Parametric Imaging of Myocardial Viability Using 15O-Labelled Water and PET/CT
Stefan de Haan, Hendrik J Harms, Mark Lubberink · Validation study
BlueRipple Assessment
This study validated a PET imaging technique for answering a key question in heart failure: which segments of a weakened heart are still viable muscle that could recover, versus dead scar that will not.
The investigators tested whether a “perfusable tissue index” derived from a single oxygen-15 water PET/CT scan could identify viable myocardium, using the established late-gadolinium MRI as the reference. The PET-derived measures correlated well with scar extent on MRI and detected nonviable tissue with good sensitivity and specificity — confirming the PET approach as a valid alternative.
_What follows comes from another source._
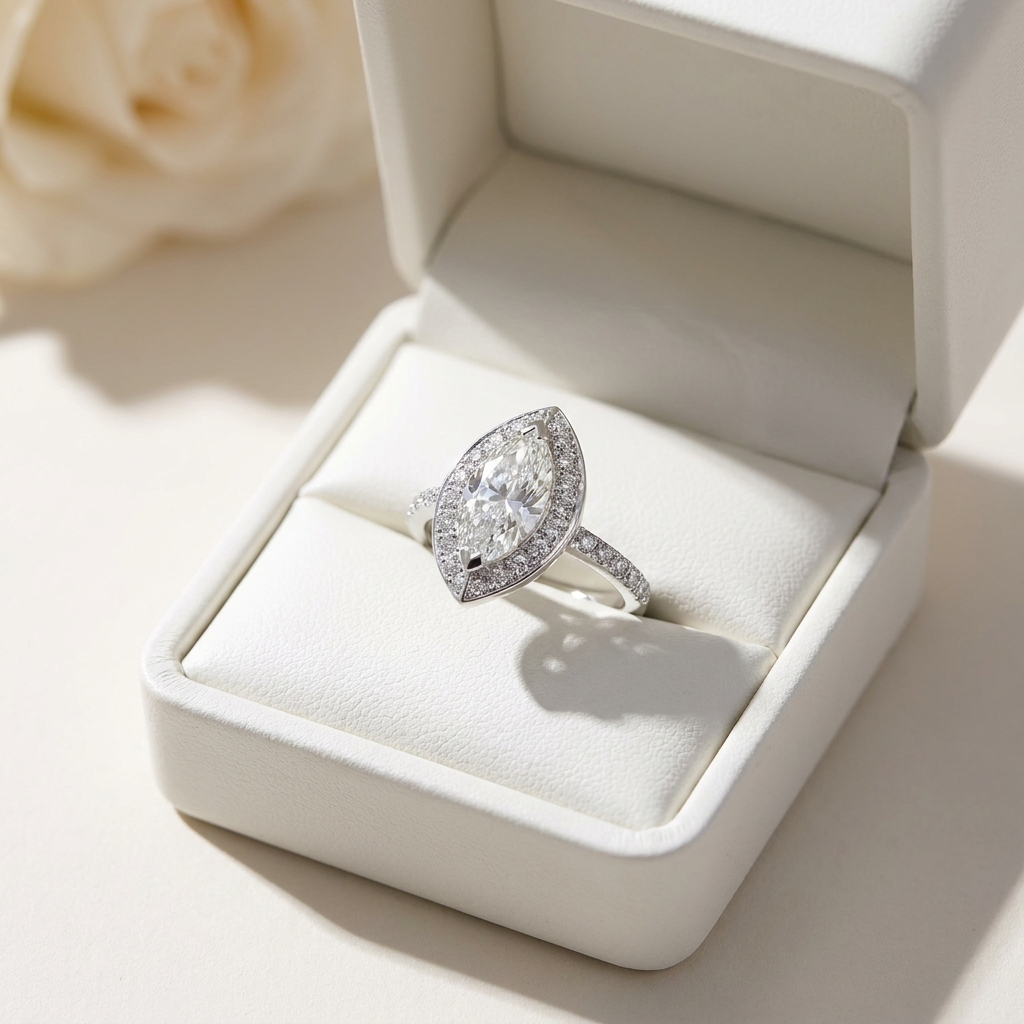 Marquise cut diamond halo engagement ring in 18ct white gold — Diamond Imports Australia. © Diamond Imports 2026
This is a technical validation in a modest sample. It does not test patient outcomes; it establishes that one imaging method agrees with another for assessing viability, which is a prerequisite for using it to guide revascularization decisions.
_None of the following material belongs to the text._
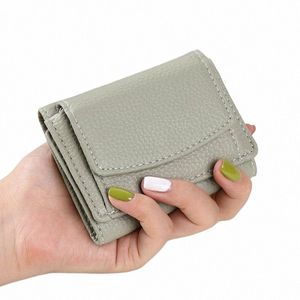Trefaldiga kvinnor Short Wallet Mey Coin Purse Card Holder Mini Söt koppling Kvinna Solid Color Pu Leather Slim Zipper Bag W62R#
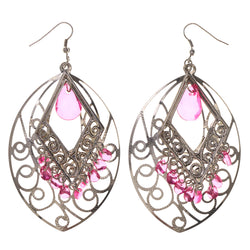 Silver-Tone & Pink Colored Metal Dangle-Earrings With Bead Accents #LQE2878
We rate the evidence moderate. The sample is small and the endpoint is concordance with another test rather than a clinical result, but the work is methodologically sound and contributes to the toolkit for viability assessment.
The original source
de Haan S, Harms HJ, Lubberink M, Allaart CP, Danad I, Chen WJ, et al. Parametric imaging of myocardial viability using 15O-labelled water and PET/CT: comparison with late gadolinium-enhanced CMR. Eur J Nucl Med Mol Imaging. 2012 May 11;39(8):1240–1245.
BlueRipple Health provides consumer education and research synthesis for informed health advocacy. This is not medical advice. Discuss all health decisions with a qualified clinician.